Over the years, as the power and number of its techniques expanded, so did its spectrum of application: from computers that play chess to biological software capable of predicting the structure of proteins from their amino acid sequences, i.e., AlphaFold.
In recent years, scientific research has seen an unprecedented surge of publications that exploit data-driven AI approaches, leading some authors to proclaim that we are living “in the era where data dominates theory” (Pigliucci, 2009; Huang, 2018).
Complex systems biology (CSB) is no exception, and the literature on this topic reflects this trend, with data slowly replacing mathematical and biological models; for example, recent work features AI models —mainly deep neural networks — trained on large multidimensional and multi-omics data for biomarker research and the prediction of clinical outcomes.
On the other hand, hypothesis-driven research has only benefited from AI techniques to a limited extent, leaving ample territory for exploration of the intersection of AI and complex systems biology. This is especially true in scenarios where biology knowledge is extracted using AI techniques.
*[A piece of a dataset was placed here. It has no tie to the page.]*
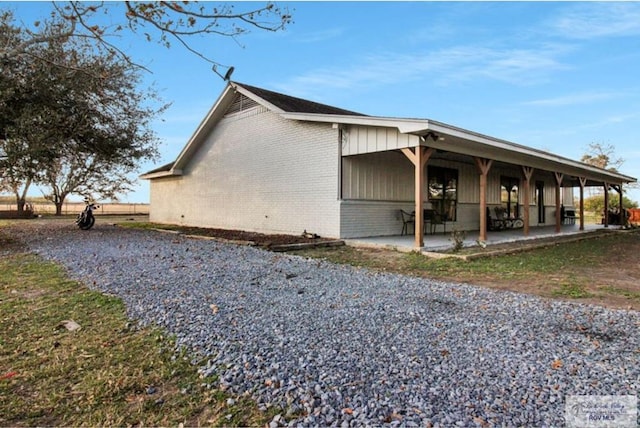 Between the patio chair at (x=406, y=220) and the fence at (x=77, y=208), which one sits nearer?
the patio chair at (x=406, y=220)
This Special Issue aims at gathering investigations dealing with approaches that attempt to recapitulate information extracted from data with AI tools into general frameworks that advance biological knowledge according to a hypothesis-driven methodology with the goal of overcoming mere statistical correlations.
To this end, the theoretical frameworks and modelling paradigms of non-linear systems theory, complex systems science and dynamical systems theory, with their rich repertoire of tools, concepts and methods, can be a valuable source of inspiration.
From the point of view of AI, all AI techniques and subfields—e.g. Large Language Models (LLMs), optimisation, logic and learning—are welcome as long as they are included in works that recapitulate the results in theory-based or model-based approaches.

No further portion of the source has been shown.